> [ENTRIES SUPPLIED]:
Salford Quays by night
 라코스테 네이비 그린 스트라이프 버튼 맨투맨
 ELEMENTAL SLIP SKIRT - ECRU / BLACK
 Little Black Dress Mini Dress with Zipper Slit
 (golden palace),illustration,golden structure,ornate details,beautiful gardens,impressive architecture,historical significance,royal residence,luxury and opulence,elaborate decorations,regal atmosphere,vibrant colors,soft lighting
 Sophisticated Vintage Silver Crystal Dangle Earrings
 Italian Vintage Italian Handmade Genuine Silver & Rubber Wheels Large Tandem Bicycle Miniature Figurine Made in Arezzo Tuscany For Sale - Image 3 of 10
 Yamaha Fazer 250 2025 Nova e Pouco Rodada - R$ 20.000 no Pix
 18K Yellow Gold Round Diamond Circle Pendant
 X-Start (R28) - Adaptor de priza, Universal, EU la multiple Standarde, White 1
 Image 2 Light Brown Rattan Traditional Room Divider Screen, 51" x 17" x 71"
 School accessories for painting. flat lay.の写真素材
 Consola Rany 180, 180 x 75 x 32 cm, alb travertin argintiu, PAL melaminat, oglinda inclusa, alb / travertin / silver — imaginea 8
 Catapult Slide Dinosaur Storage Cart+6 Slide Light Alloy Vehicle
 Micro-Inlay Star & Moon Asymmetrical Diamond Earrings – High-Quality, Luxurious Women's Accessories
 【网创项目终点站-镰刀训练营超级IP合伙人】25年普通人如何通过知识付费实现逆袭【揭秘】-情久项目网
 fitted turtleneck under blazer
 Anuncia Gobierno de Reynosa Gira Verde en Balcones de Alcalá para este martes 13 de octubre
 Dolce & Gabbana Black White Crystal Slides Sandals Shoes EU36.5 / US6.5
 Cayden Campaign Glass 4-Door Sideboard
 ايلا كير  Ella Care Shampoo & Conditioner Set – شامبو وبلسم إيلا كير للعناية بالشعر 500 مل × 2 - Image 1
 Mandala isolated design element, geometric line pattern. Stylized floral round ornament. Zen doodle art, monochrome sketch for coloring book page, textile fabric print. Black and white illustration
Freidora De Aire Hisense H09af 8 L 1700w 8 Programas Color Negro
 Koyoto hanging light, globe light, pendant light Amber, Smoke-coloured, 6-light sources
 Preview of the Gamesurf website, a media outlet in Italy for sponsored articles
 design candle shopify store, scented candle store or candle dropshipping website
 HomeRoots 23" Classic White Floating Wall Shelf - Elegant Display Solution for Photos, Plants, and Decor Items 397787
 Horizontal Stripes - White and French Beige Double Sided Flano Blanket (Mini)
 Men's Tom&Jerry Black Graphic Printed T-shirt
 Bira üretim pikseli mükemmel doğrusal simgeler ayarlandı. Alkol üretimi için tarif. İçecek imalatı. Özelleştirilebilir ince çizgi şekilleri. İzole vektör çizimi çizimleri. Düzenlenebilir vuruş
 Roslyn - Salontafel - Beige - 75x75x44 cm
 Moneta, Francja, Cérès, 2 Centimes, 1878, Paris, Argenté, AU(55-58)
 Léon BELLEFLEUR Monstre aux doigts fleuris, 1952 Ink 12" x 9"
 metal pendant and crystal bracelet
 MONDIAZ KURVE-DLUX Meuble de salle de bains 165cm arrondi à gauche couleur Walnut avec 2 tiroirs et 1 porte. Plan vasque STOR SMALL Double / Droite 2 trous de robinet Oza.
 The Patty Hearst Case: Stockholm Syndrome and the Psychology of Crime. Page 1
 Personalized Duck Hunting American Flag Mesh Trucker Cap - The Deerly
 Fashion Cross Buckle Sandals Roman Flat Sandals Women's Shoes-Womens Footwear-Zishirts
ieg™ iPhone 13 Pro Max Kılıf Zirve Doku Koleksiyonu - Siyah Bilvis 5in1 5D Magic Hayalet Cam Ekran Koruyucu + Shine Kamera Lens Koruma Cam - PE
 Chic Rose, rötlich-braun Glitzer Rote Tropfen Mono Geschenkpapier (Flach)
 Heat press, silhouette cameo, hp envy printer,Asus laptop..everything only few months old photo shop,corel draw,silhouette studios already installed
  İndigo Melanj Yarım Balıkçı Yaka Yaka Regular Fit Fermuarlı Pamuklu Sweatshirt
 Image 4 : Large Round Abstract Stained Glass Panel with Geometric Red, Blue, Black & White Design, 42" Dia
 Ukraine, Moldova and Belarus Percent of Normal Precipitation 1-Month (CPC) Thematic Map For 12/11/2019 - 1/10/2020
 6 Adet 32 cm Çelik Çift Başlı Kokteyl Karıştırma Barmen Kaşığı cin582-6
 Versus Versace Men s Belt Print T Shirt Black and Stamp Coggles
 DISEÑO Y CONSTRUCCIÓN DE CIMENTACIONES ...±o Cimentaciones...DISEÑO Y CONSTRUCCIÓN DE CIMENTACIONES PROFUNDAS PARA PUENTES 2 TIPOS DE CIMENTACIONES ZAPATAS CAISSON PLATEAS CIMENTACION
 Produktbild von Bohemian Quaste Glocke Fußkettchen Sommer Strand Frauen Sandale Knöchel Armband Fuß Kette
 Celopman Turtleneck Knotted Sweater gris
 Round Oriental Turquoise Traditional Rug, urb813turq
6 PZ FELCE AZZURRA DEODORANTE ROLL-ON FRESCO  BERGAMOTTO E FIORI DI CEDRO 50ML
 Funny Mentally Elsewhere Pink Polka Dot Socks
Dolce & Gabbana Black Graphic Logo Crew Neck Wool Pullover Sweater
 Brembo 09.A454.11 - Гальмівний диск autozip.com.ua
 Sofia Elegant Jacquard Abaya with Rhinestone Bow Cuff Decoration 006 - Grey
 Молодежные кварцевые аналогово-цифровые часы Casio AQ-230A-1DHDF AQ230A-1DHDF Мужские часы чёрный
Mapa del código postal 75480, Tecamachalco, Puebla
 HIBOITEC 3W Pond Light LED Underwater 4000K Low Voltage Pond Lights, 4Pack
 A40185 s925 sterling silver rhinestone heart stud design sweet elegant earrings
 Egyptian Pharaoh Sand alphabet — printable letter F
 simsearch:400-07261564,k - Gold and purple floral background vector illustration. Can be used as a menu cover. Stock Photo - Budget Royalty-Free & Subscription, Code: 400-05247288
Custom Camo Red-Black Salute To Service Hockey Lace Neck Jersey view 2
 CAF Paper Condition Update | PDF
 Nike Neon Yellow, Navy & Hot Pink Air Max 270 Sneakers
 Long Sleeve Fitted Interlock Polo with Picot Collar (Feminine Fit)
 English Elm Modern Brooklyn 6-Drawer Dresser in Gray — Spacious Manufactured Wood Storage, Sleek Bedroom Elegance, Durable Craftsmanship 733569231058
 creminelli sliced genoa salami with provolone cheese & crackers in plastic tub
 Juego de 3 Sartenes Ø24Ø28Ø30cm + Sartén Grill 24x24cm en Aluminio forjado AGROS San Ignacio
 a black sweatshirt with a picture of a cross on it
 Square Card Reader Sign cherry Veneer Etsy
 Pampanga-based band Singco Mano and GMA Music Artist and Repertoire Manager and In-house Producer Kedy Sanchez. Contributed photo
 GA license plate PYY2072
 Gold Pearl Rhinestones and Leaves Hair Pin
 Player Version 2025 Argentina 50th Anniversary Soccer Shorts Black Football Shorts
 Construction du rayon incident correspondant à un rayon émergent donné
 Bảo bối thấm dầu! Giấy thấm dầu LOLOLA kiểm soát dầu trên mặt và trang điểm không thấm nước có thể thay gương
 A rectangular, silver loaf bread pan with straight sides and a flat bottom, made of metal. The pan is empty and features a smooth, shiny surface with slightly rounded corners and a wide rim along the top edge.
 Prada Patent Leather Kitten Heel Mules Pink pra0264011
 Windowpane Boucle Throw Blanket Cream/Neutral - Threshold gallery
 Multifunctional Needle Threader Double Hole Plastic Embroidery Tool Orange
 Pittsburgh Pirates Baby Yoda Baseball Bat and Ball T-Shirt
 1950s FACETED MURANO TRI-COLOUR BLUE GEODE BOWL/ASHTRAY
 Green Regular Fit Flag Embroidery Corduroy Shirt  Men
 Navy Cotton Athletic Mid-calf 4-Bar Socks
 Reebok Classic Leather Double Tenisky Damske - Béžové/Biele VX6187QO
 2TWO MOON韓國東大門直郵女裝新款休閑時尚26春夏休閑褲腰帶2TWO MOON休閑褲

> [ACTIVITY]:
The lines from the first of the entries through the line holding "Little Black Dress" are to be restated word for word, and no others.

> [EXERCISE RESPONSE]:
Salford Quays by night
 라코스테 네이비 그린 스트라이프 버튼 맨투맨
 ELEMENTAL SLIP SKIRT - ECRU / BLACK
 Little Black Dress Mini Dress with Zipper Slit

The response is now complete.